Charles Court Opera returns to the King’s Head with its small but perfectly formed staging of one of the finest Gilbert and Sullivan operas.
Led and directed by bass-baritone and G&S aficionado John Savournin, the company has an easy expertise with this material from both a musical and a dramatic point of view.
With a cast of eight and minimal doubling, the chorus is reduced – Sir Joseph’s sisters and his cousins and his aunts are in this instance singular, with the defunct aunt carried around in the form of ashes in a funerary urn. But Gilbert’s satire on the English class system still bites in a production that takes place on a modern naval submarine, cleverly represented in Rachel Szmukler’s brightly coloured set.
Vocal standards are high, too, with Sullivan’s melodies – alternately trippingly light-hearted and movingly sentimental – finely realised by everyone in the cast.
Philip Lee’s lean but forceful tenor helps him combine comedy with pathos as lovelorn sailor Ralph Rackstraw. Matthew Palmer’s snobbish Captain Corcoran manages to maintain some dignity even when reduced in rank. In his ability to maximise Sir Joseph Porter’s innate ridiculousness, Joseph Shovelton would be hard to beat.

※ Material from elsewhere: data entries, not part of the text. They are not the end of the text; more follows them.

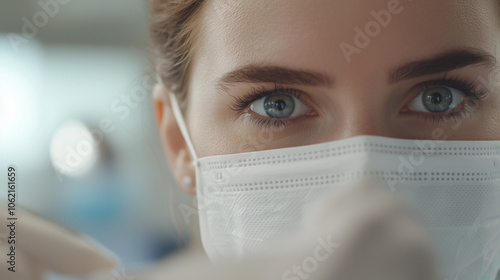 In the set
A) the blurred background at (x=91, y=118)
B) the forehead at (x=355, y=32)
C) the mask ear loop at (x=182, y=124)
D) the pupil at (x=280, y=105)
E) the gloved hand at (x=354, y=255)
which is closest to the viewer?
the gloved hand at (x=354, y=255)

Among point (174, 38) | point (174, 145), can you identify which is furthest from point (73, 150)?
point (174, 38)

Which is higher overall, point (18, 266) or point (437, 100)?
point (437, 100)

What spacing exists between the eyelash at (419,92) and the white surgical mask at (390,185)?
49mm

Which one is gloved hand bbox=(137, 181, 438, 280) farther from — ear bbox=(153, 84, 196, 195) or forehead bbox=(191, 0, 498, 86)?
ear bbox=(153, 84, 196, 195)

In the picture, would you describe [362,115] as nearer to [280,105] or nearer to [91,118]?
[280,105]

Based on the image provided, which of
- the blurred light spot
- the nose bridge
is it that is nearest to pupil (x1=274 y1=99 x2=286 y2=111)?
the nose bridge

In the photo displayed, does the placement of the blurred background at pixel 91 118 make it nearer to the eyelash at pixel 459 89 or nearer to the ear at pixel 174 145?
the ear at pixel 174 145

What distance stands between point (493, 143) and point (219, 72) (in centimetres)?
49

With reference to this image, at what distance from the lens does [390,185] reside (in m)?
0.79

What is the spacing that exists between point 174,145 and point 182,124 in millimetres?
84

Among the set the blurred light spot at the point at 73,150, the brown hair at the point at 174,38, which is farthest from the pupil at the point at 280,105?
the blurred light spot at the point at 73,150

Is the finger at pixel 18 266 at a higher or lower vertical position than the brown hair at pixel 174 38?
lower

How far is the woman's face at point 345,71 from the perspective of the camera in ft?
2.54

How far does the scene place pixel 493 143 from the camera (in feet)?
2.84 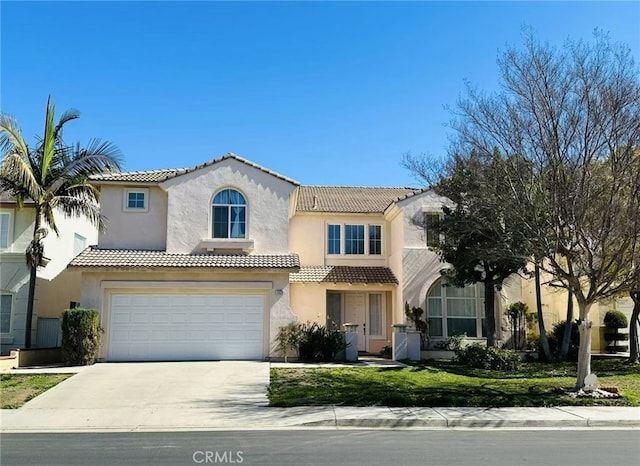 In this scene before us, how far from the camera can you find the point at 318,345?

Alys Roberts brings vocal distinction to class-conscious captain’s daughter Josephine and Matthew Kellett is thoroughly reprehensible as miserable killjoy Dick Deadeye. Jennie Jacobs’ Little Buttercup wins all hearts and Catrine Kirkman’s Cousin Hebe is delightfully daffy.
Every one of choreographer Damian Czarnecki’s routines goes well, while David Eaton maintains excellent musical standards from the keyboard.